___ Dataset content
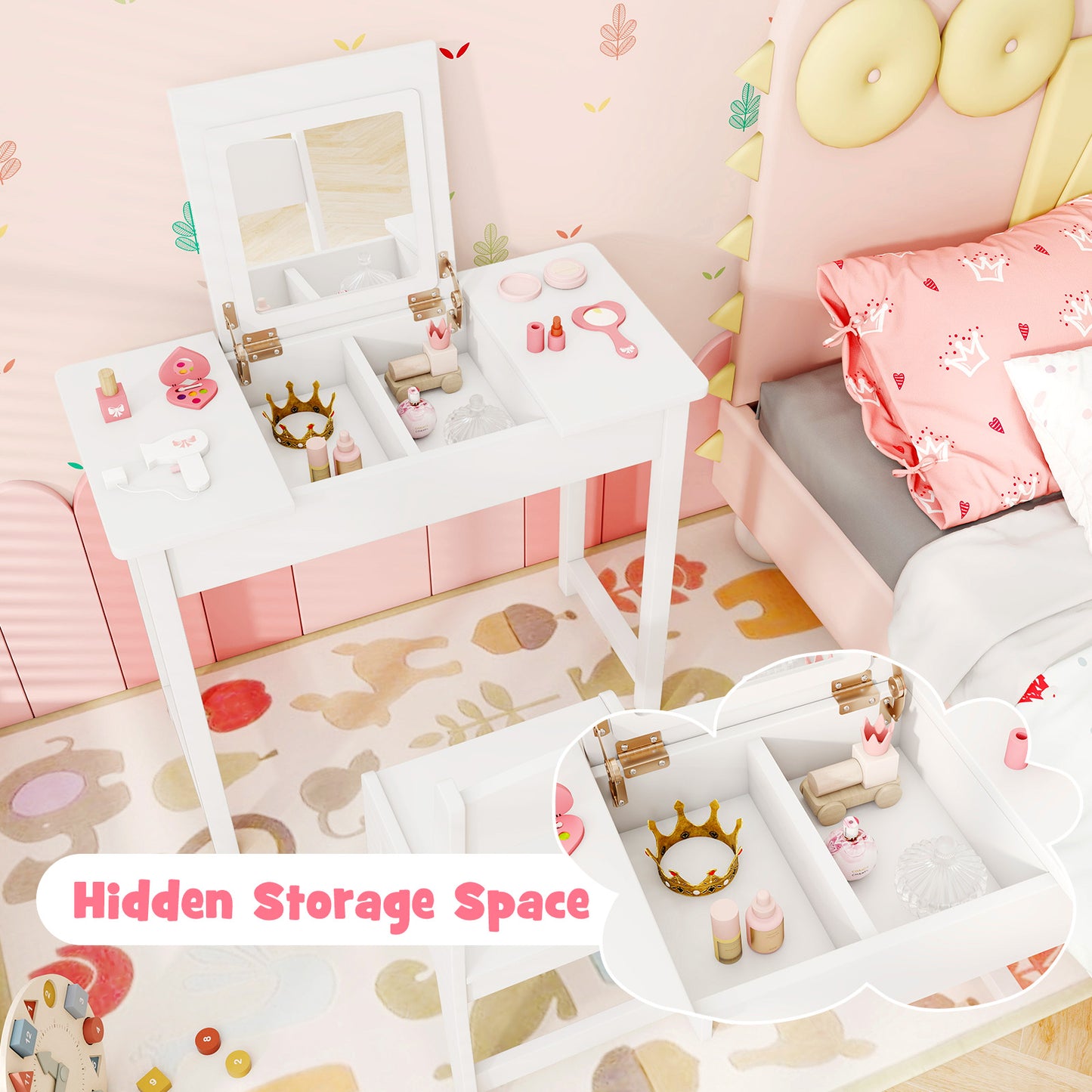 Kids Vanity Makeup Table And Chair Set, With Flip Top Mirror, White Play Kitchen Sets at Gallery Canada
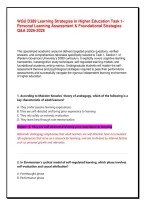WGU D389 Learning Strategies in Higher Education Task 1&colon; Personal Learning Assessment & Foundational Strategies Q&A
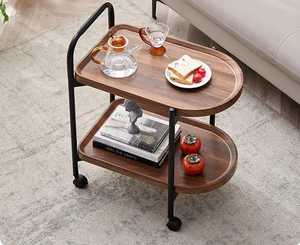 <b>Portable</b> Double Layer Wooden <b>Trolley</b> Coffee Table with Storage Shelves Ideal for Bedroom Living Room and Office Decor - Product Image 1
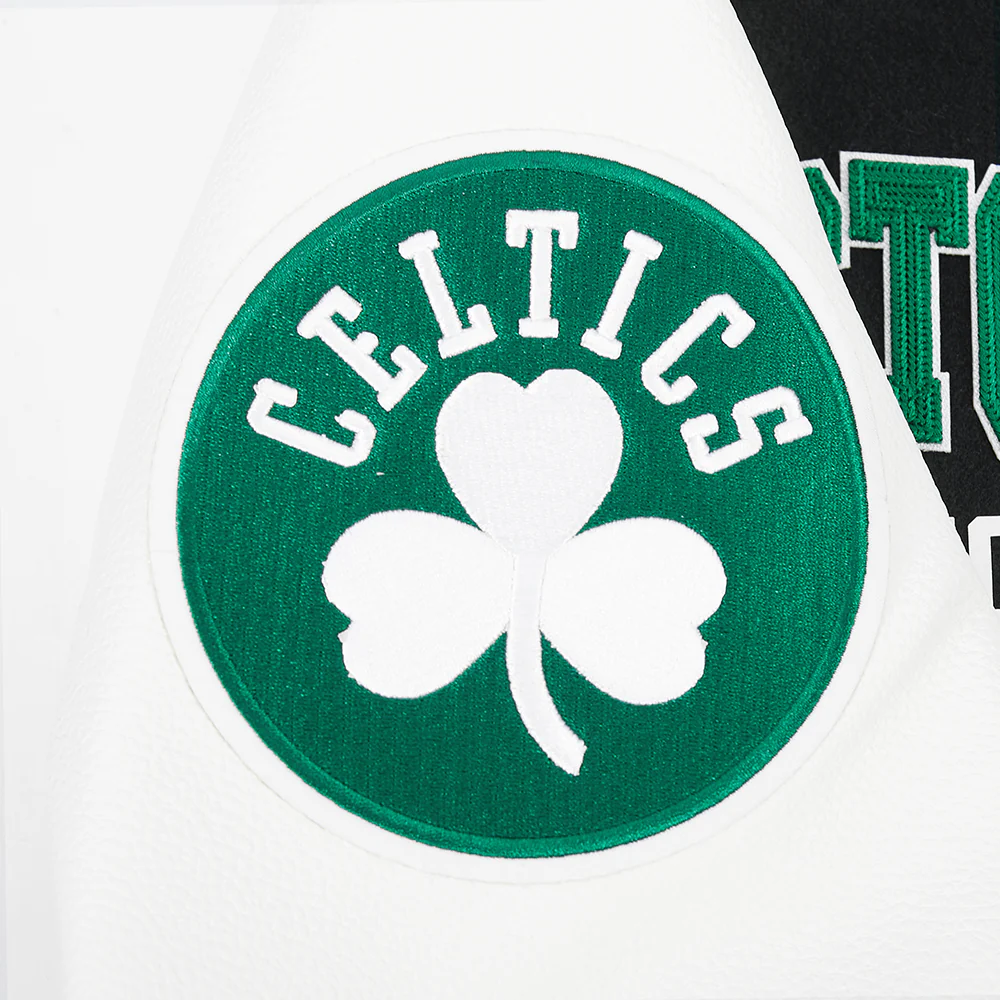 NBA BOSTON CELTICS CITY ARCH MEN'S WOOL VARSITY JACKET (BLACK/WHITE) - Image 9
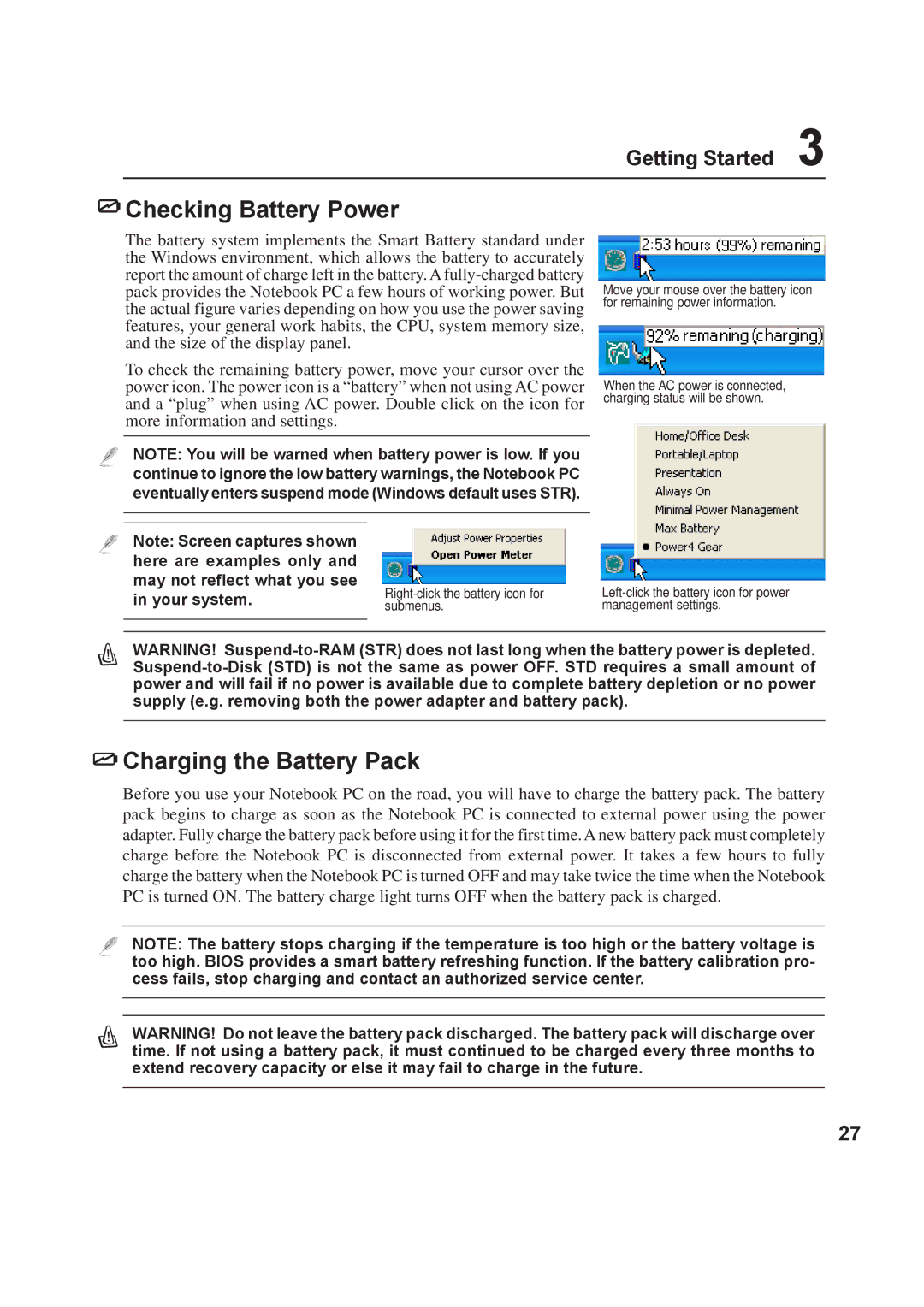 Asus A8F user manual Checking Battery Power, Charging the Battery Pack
______
What you need to do:
Return, exactly as they appear, the lines from the line containing "<b>Portable</b> Double Layer" through the end of the records above, both ends included, without pictures.

Task output:
 <b>Portable</b> Double Layer Wooden <b>Trolley</b> Coffee Table with Storage Shelves Ideal for Bedroom Living Room and Office Decor - Product Image 1
 NBA BOSTON CELTICS CITY ARCH MEN'S WOOL VARSITY JACKET (BLACK/WHITE) - Image 9
 Asus A8F user manual Checking Battery Power, Charging the Battery Pack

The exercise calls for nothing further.